AKP'li İsmail Güneş'in "Türk'lerin olup da Kürt'lerin olamadığı ne var" demesi üzerine DEM Parti sıralarından "Dersinize iyi çalışın. Belediye Başkanı olamıyoruz mesela" sesleri yükseldi.
CHP'li Ağbaba: Siz de biliyorsunuz ki 5 teğmen darbe yapamaz
CHP Malatya Milletvekili Veli Ağbaba, komisyonda yaptığı konuşmada "teğmenler" için darbe iddialarına ilişkin olarak "5 teğmen darbe yapamaz" dedi ve şöyle devam etti:
"2015'te terfi edilen generallerin çoğu FETÖ'den terfi edildi. Şimdi adeta bir tekrar görmek mümkün. O dönem medya siyaset akademi koro halinde TSK'ya saldırmaktaydı. TSK'nın cami bombalayacağı iddia edildi. Bu ittifakın içinde AKP, FETÖ, liberaller, tarikat ve cemaat vardı. Bu günde aynı şeyler devam ediyor. Hedef Atatürk ve laik, demokratik cumhuriyettir. Siz de biliyorsunuz ki 5 teğmen darbe yapamaz.
"Genç teğmenlere gözdağı veriliyor"
15 Temmuz'dan sonra sıkmayan Atatürk bayrakları AKP merkezine asıldı. Tabii ki TSK'nın temeli disiplin. Ancak sadece Atatürkçü subaylara uygulanmamalı. Genç teğmenlere gözdağı veriliyor. TSK siyasete girmemeli. Tarikat, cemaat yapılanması TSK'nın düşmanıdır. Bir rütbeye gelmek için cemaat, tarikat yakınlaşması olmamalı. Teğmenler resmi tören dışında yemin etti. Bu derin yaralar açar ve onarılamaz."
"F35 projesine yanı başımızdaki İsrail, Yunanistan girerken biz çıkarıldık"
S400 ve F35 konusuyla ilgili olarak ise Ağbaba, "S400 sistemleri hala konuşlandırılamadı. Siz S400'lerin kenarda bekletilmediğini gerektiğinde kullanılacağını belirttiniz. S400 sistemleri NATO envanterine karşı üretilmiştir, depolarda bekletilmektedir. Bakın F35 projesine yanı başımızdaki İsrail, Yunanistan girerken biz çıkarıldık. Sadece TSK zarar görmedi, F35 için üretim yapan birçok şirket de kapıya kilit vurdu.
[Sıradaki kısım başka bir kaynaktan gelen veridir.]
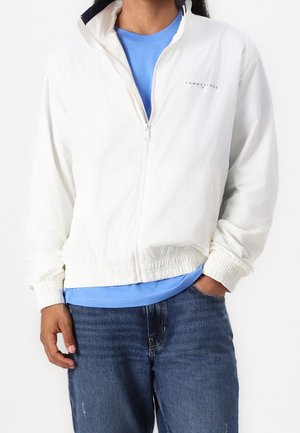 Personne portant une veste blanche zippée sur une chemise bleue et un jean bleu, une main dans la poche et l'autre détendue sur le côté.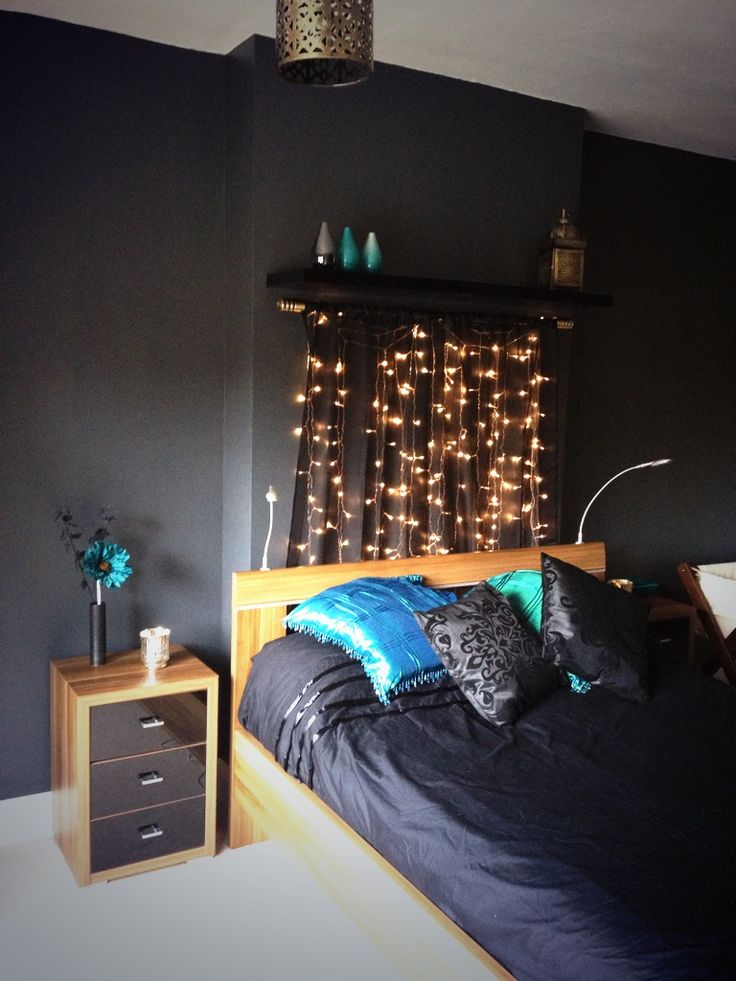 a moody black bedroom with light stained furniture, black and blue bedding, a shelf that holds string lights that form a wardrobe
NATO'nun da kırmızı çizgisi olduğunu biliyoruz bu konunun" dedi.
"TSK, Kurtuluş Savaşı'ndan sonra en büyük kayıbı Rusya saldırısında Suriye'de verdi"
IŞİD tarafından yakılan iki askerin akıbetini soran Ağbaba, sözlerini şöyle tamamladı:
"TSK, Kurtuluş Savaşı'ndan sonra en büyük kayıbı Rusya saldırısında Suriye'de verdi. Bununla ilgili TSK'yı katledenler ellerini kollarını sallayarak gezdi. IŞİD canilerinin yakmış olduğu askerlerimizin akıbeti nedir? Ölüm emrini verenlerin Antep'te yaşadığı söyleniyor. Bunlara cevap verir misiniz?"
"Teğmenler hakkında MİT raporu istendiği doğru mu?"
CHP Ordu Milletvekili Seyit Torun, "teğmenler" hakkında MİT raporu istendiği iddialarını bütçe gündemine taşıyarak Bakan Güler'e, "Mezun olmanın verdiği coşkuyu Atatürk'ü anarak kutlayan teğmenler soruşturma geçirmektedir. Emre itaatsizlik olması için emir olması gerekir. Teğmenler hakkında MİT raporu istendiği doğru mu? Söz konusu teğmenlerin eğitim aldıkları süre boyunca geçirdikleri güvenlik soruşturmalarını açıklar mısınız?" diye sordu.